§ TASK STATEMENT: In the entries below, count the lines that contain the word "naturel" and give only that number.

(Stored items)
• • • • • • •

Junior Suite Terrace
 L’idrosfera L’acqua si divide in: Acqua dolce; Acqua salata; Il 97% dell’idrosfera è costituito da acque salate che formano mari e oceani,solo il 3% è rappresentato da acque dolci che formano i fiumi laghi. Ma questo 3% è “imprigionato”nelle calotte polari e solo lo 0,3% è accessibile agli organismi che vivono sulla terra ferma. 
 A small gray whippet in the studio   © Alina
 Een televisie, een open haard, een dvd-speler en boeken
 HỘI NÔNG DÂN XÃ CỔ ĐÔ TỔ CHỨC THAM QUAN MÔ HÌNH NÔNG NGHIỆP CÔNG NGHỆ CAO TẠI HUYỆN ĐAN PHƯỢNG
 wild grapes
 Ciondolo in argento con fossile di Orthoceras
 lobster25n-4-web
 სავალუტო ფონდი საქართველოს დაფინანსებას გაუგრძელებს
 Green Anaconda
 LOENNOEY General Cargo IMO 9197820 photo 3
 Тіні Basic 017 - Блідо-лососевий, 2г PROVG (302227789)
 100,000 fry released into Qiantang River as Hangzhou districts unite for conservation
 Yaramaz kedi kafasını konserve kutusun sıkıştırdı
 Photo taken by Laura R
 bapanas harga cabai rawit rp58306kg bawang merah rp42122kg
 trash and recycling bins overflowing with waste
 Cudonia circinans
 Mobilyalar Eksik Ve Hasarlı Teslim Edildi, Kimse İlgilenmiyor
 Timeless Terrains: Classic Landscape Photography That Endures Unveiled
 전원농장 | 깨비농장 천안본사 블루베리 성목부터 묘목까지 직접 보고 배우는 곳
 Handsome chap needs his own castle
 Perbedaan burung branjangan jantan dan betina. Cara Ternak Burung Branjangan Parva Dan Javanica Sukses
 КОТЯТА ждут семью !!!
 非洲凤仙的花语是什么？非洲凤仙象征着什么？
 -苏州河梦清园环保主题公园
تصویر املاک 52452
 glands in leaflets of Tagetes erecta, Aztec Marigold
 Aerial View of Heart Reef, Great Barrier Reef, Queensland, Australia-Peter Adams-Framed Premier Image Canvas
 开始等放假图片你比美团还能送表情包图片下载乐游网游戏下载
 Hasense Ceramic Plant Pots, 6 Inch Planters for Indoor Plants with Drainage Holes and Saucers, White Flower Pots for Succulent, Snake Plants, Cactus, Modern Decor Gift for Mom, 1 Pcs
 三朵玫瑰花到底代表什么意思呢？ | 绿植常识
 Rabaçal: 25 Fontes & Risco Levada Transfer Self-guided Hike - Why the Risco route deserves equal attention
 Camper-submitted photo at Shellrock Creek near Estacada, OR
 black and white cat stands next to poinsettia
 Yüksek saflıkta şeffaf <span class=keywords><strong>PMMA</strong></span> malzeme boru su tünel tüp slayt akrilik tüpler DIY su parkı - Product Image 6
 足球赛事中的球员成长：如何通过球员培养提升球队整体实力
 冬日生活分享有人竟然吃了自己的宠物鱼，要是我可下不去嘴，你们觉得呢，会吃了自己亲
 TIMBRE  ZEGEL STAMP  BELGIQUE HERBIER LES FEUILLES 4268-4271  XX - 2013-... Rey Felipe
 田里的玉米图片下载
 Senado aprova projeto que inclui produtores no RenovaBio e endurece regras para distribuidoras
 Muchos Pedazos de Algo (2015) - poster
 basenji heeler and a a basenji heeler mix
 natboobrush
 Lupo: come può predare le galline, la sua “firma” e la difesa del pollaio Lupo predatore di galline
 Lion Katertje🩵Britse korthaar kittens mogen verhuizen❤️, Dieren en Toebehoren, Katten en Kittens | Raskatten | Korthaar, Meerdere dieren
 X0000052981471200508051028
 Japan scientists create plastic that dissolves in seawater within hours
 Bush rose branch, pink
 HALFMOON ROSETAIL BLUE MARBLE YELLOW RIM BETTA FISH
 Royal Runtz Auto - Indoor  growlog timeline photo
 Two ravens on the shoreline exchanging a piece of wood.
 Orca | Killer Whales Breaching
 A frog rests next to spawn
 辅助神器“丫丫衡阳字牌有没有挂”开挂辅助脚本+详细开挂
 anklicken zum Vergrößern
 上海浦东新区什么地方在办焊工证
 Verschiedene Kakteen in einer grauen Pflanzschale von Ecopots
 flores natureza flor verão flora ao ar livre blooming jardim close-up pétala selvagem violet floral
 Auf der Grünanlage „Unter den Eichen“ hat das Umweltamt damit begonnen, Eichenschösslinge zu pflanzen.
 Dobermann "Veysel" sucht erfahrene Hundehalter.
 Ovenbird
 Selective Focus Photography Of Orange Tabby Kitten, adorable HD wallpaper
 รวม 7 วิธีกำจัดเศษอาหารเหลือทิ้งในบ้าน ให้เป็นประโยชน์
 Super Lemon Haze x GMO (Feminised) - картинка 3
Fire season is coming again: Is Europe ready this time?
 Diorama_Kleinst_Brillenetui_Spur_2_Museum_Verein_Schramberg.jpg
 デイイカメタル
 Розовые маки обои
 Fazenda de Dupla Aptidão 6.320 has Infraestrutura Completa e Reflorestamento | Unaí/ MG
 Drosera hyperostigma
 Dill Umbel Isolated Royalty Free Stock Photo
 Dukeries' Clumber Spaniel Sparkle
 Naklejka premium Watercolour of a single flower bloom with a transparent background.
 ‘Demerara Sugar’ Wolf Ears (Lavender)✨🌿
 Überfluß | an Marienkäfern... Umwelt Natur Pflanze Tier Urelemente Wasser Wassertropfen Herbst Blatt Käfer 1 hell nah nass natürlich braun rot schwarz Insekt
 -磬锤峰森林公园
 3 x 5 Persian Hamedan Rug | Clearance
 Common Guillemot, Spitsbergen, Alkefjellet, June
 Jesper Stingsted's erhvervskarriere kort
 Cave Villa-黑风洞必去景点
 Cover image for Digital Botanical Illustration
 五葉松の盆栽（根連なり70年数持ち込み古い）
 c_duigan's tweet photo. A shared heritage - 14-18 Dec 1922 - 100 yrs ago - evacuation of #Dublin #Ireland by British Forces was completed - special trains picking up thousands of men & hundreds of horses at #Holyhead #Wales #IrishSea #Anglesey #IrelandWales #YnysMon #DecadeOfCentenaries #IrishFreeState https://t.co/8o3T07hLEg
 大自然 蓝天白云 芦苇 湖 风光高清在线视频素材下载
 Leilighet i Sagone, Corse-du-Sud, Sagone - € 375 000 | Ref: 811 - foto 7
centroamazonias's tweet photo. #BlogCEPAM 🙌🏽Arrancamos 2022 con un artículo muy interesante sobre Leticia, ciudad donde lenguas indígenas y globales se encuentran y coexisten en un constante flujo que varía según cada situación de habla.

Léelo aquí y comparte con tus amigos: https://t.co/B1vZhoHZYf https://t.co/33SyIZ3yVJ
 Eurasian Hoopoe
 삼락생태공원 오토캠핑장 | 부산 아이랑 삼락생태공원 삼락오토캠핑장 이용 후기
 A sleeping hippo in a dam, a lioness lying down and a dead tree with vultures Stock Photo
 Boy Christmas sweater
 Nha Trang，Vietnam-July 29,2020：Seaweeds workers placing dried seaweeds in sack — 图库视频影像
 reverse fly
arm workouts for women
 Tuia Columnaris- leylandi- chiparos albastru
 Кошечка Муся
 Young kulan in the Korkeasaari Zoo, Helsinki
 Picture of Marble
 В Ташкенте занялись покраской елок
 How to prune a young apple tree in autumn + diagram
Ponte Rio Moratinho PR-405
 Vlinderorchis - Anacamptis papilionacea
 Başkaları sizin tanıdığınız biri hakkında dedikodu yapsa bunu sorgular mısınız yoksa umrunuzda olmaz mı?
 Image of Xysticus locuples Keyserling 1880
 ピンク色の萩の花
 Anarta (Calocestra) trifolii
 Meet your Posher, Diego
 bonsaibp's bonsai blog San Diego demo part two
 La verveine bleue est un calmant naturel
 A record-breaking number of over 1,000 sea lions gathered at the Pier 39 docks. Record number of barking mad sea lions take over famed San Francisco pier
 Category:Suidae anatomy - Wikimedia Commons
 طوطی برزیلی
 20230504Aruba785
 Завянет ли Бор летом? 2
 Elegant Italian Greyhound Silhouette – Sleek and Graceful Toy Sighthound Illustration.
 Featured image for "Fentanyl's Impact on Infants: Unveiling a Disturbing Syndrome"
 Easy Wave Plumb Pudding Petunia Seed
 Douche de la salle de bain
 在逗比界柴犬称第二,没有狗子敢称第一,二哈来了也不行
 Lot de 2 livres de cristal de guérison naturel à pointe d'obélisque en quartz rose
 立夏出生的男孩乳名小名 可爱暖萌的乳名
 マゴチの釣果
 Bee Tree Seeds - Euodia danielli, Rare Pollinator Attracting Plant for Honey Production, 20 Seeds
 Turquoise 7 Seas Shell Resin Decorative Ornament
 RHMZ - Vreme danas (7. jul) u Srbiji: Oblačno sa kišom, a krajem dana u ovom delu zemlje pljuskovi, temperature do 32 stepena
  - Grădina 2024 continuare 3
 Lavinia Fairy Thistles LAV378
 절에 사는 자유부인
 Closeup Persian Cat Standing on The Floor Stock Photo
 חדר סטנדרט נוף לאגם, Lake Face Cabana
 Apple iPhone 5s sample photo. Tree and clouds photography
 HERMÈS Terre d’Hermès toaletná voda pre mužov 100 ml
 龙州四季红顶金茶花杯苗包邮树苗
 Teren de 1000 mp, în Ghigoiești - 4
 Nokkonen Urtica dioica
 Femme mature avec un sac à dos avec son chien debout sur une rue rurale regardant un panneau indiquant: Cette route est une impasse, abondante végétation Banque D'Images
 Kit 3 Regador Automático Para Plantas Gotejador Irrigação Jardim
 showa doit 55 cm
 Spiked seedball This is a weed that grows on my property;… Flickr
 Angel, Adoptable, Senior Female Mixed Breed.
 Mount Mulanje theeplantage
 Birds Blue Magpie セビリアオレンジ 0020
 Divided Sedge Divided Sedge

• • • • • • •

§ WRITTEN ANSWER: 2